-- Material provided follows --
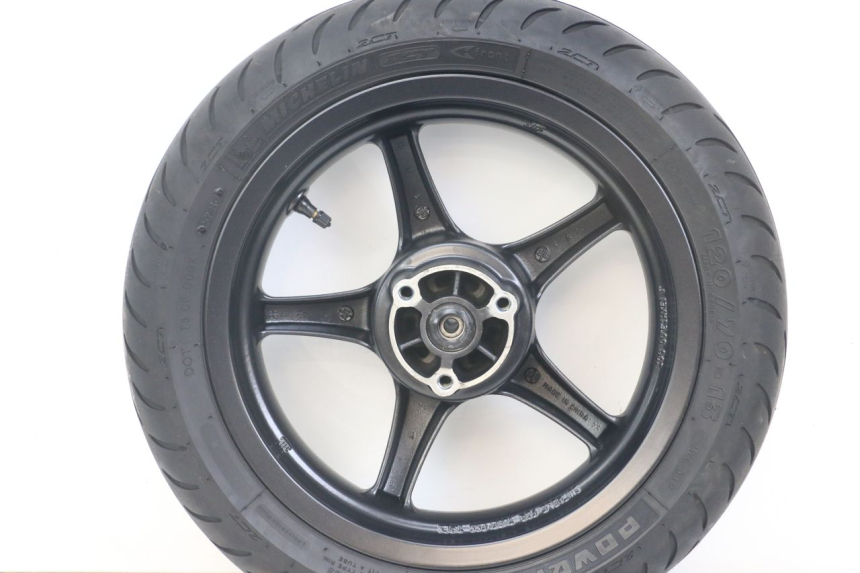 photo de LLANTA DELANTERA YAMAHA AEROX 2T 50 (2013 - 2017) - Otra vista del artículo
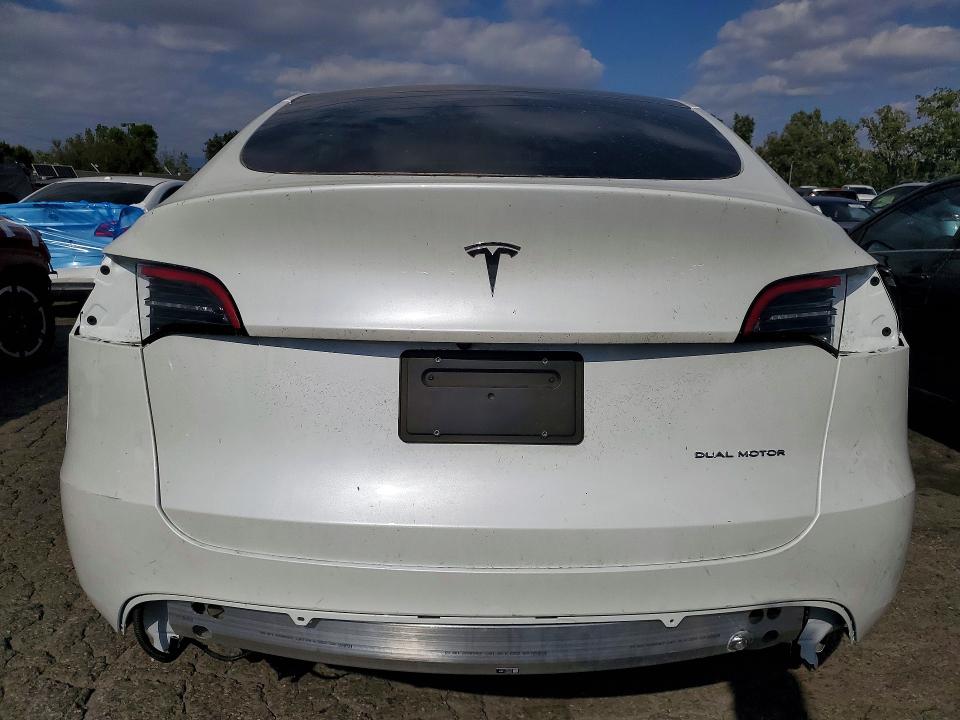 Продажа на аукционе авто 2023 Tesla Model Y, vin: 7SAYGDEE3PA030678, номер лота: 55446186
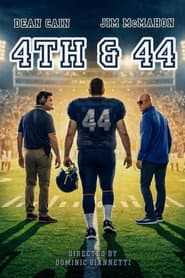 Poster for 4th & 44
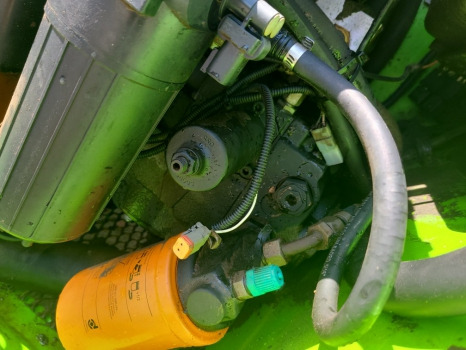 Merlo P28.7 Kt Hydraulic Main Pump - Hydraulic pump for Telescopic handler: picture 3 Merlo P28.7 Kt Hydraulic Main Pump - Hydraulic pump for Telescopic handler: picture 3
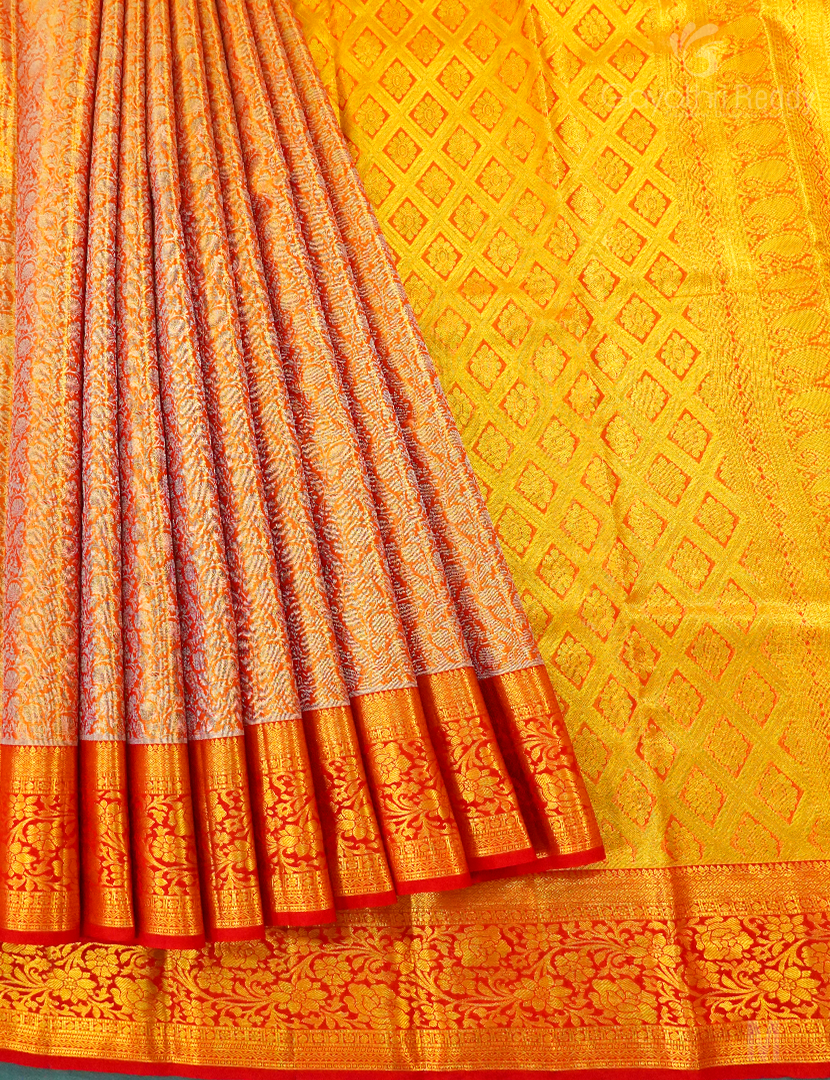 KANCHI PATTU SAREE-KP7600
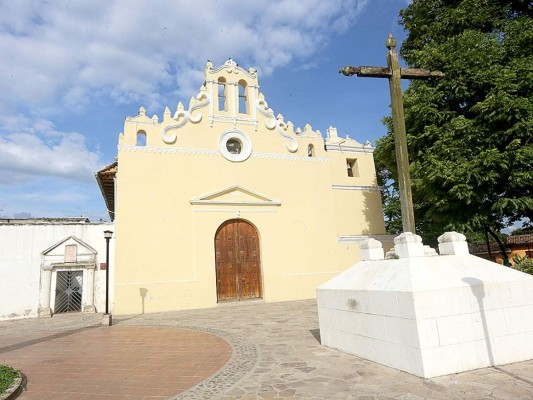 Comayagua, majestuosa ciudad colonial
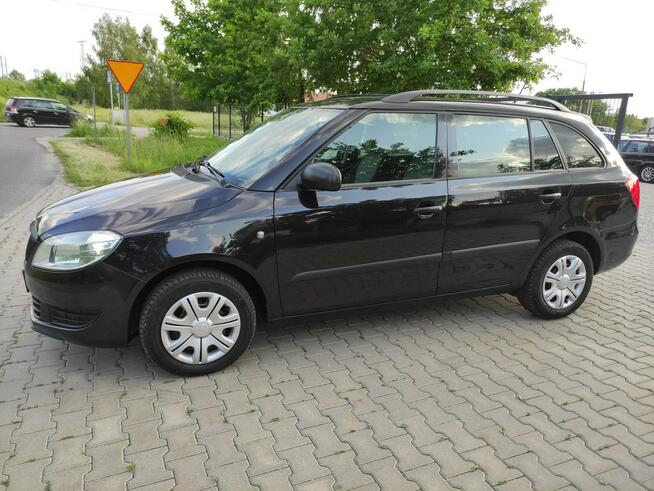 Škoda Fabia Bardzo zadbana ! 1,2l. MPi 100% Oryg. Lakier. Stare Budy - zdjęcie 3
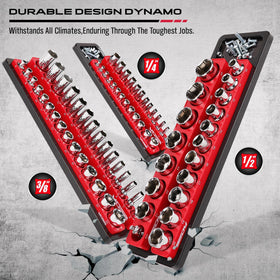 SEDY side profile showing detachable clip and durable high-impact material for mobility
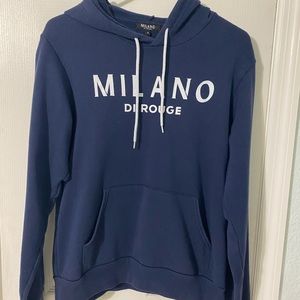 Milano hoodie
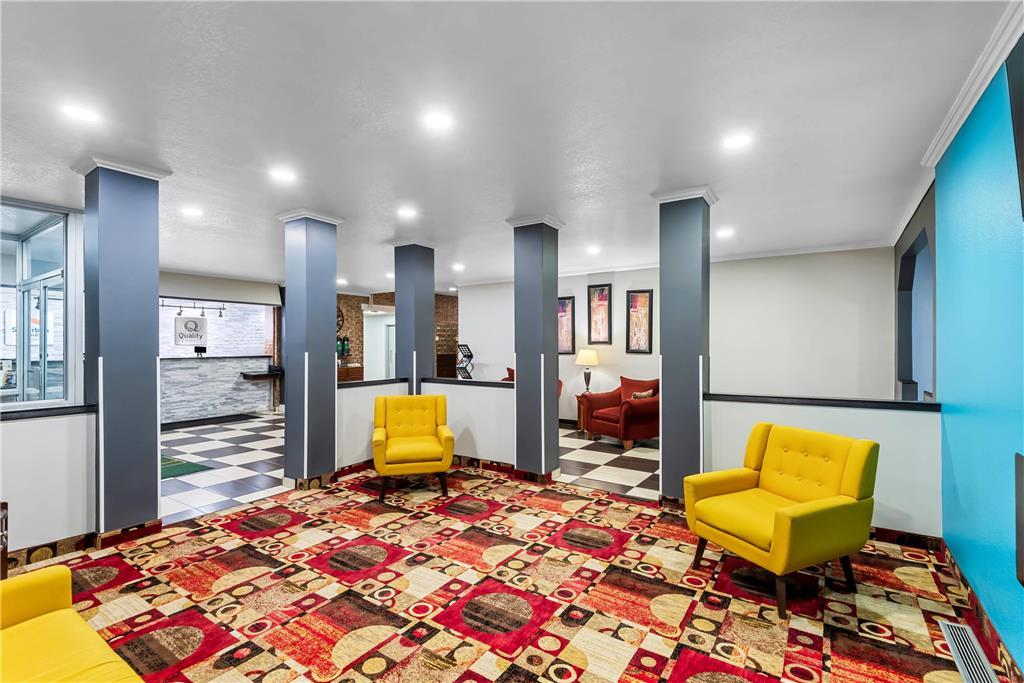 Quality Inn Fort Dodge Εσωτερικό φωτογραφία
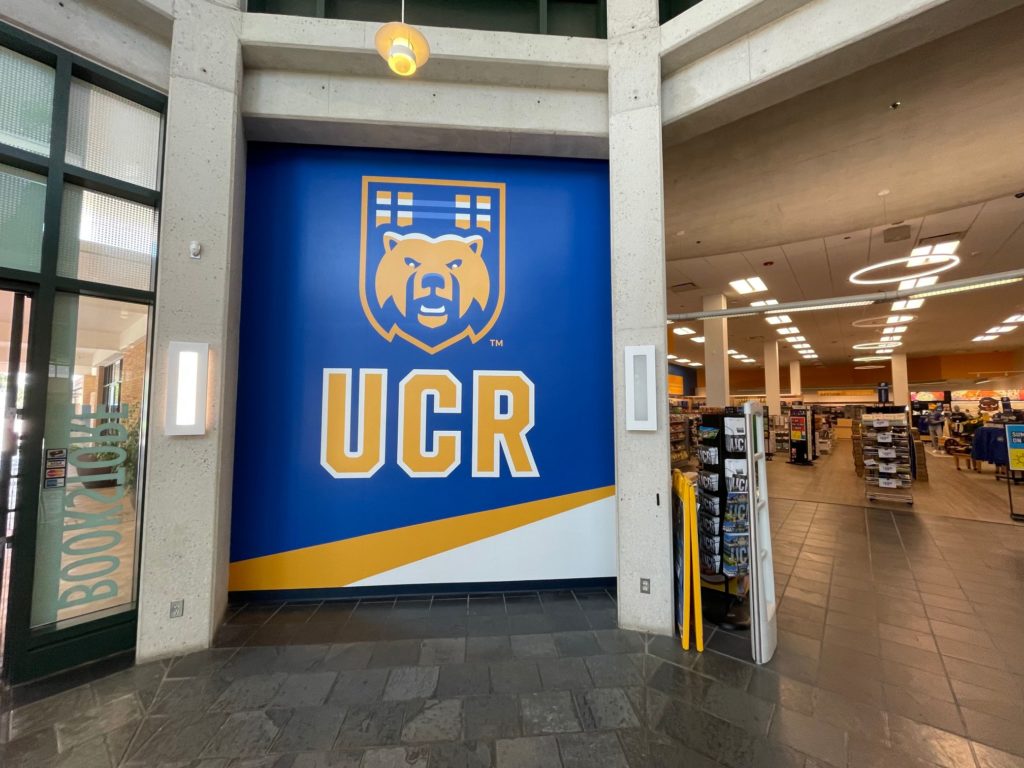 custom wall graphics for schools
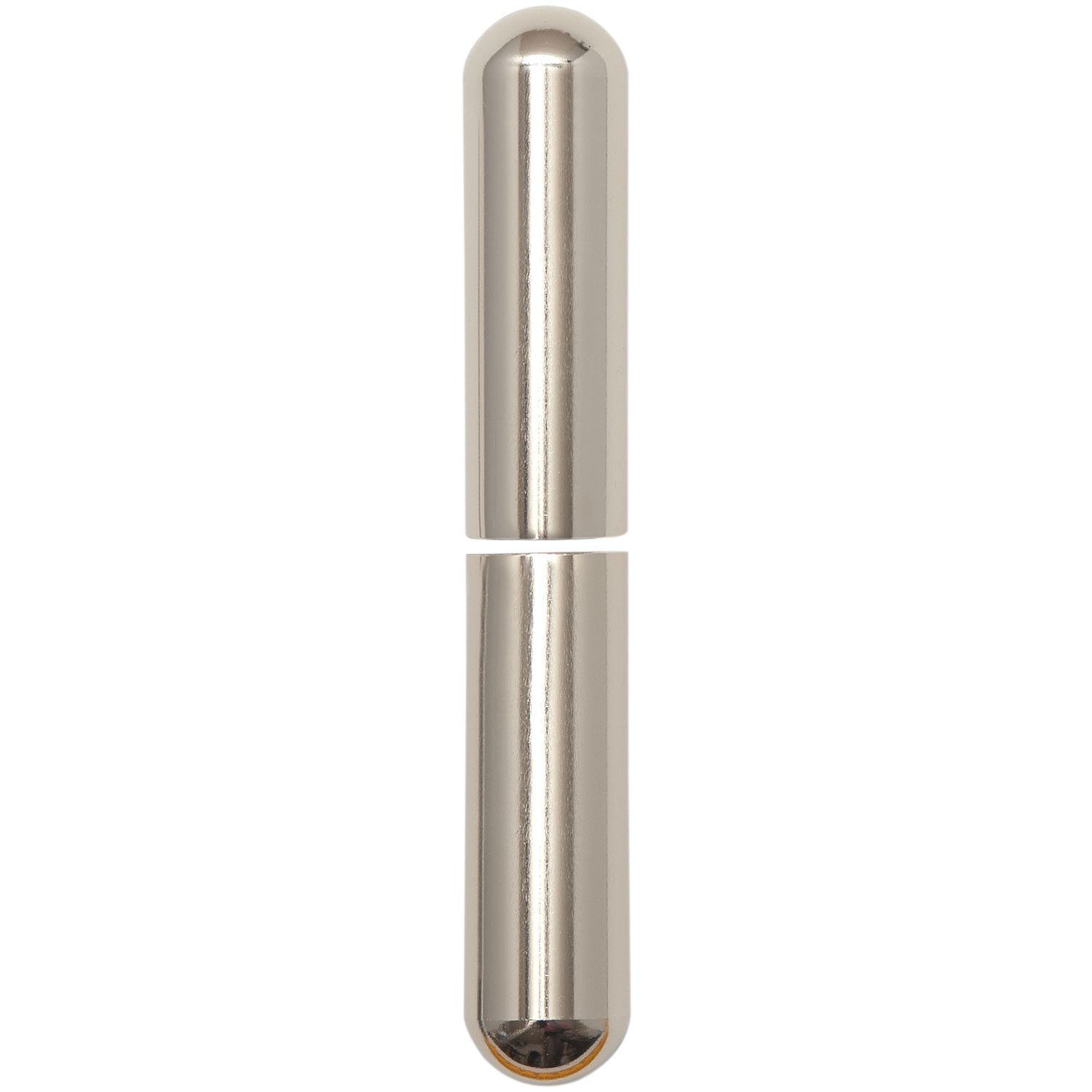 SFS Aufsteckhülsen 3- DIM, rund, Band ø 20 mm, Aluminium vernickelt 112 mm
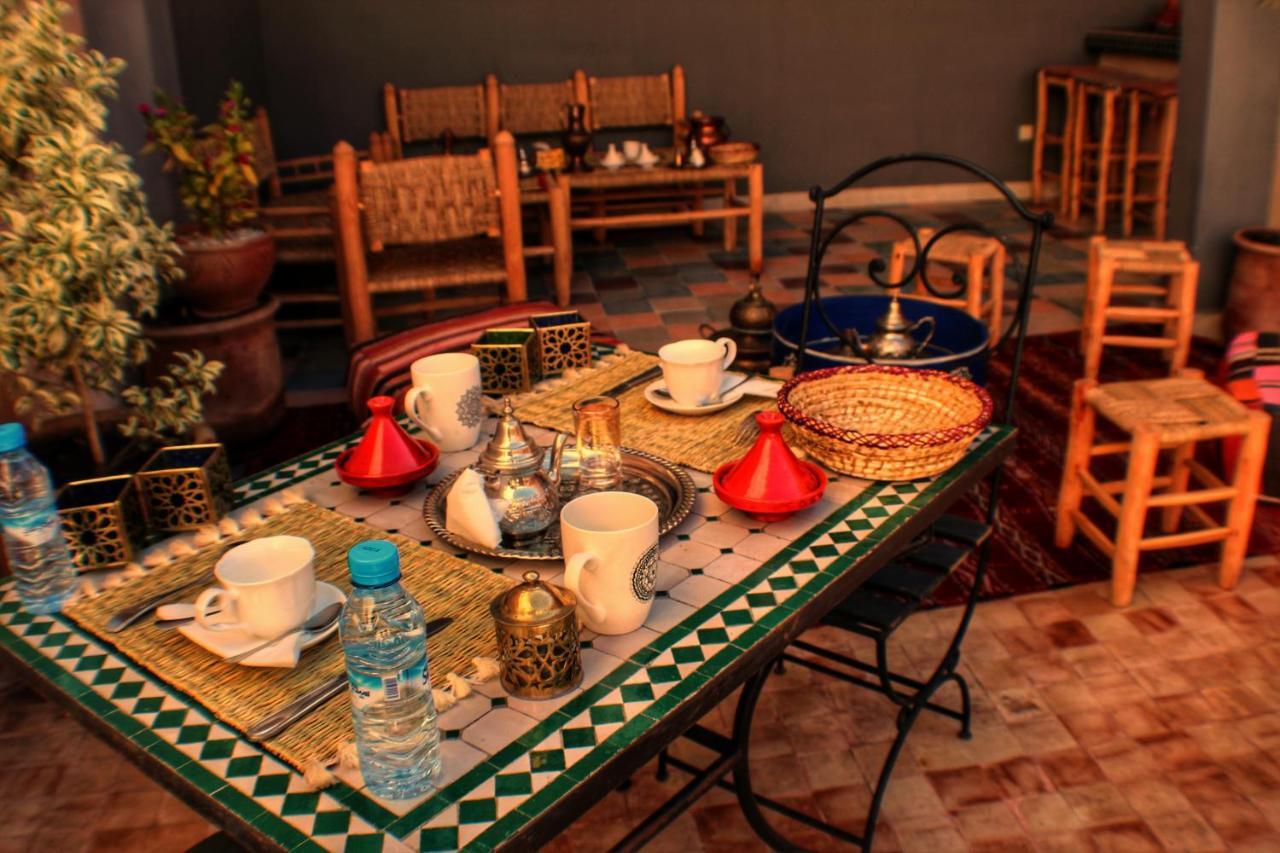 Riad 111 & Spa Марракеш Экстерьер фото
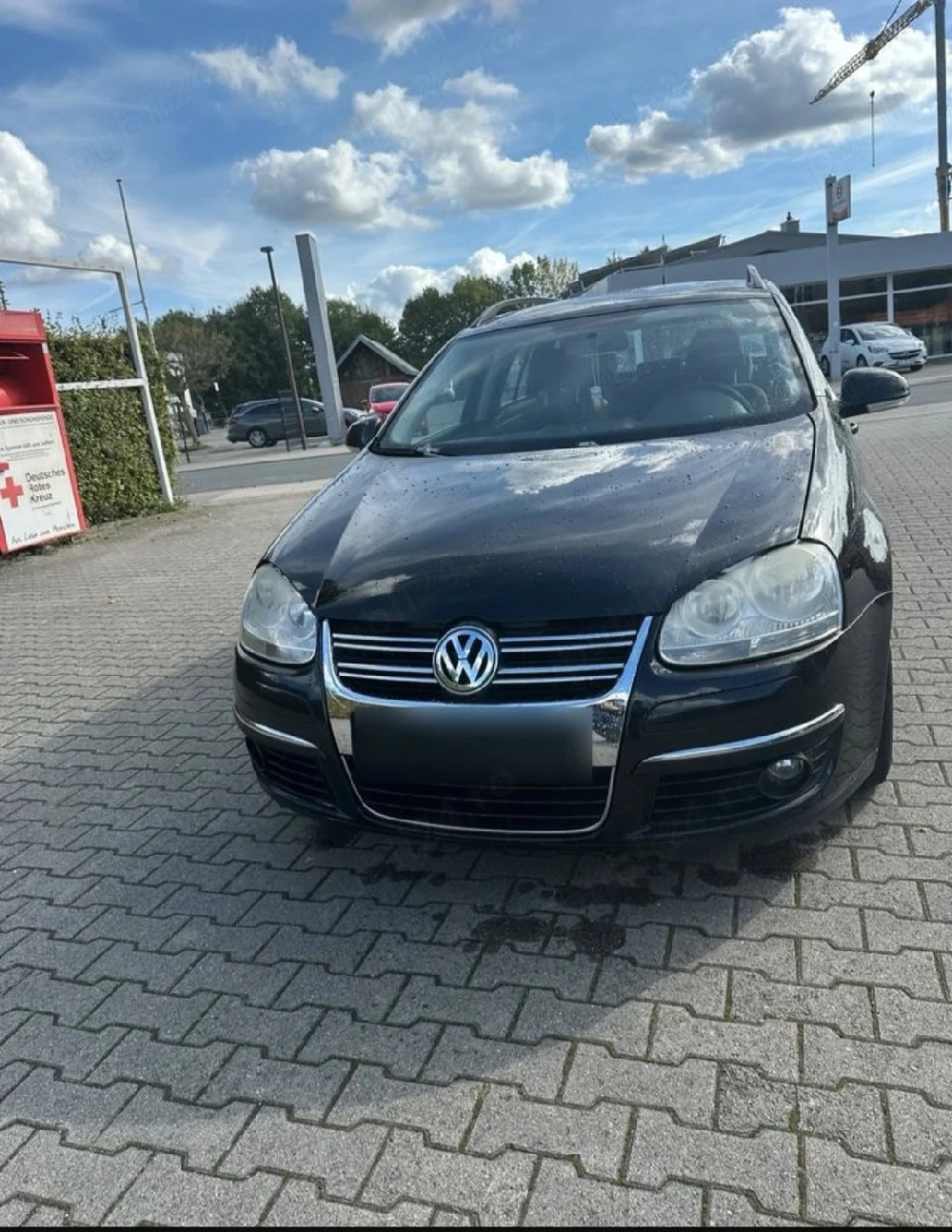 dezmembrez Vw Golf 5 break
-- Material provided concluded --
**Work instruction:**
Once the images are removed, print the remaining data exactly as it appears above.

**Answer for the task:**
 photo de LLANTA DELANTERA YAMAHA AEROX 2T 50 (2013 - 2017) - Otra vista del artículo
 Продажа на аукционе авто 2023 Tesla Model Y, vin: 7SAYGDEE3PA030678, номер лота: 55446186
 Poster for 4th & 44
 Merlo P28.7 Kt Hydraulic Main Pump - Hydraulic pump for Telescopic handler: picture 3 Merlo P28.7 Kt Hydraulic Main Pump - Hydraulic pump for Telescopic handler: picture 3
 KANCHI PATTU SAREE-KP7600
 Comayagua, majestuosa ciudad colonial
 Škoda Fabia Bardzo zadbana ! 1,2l. MPi 100% Oryg. Lakier. Stare Budy - zdjęcie 3
 SEDY side profile showing detachable clip and durable high-impact material for mobility
 Milano hoodie
 Quality Inn Fort Dodge Εσωτερικό φωτογραφία
 custom wall graphics for schools
 SFS Aufsteckhülsen 3- DIM, rund, Band ø 20 mm, Aluminium vernickelt 112 mm
 Riad 111 & Spa Марракеш Экстерьер фото
 dezmembrez Vw Golf 5 break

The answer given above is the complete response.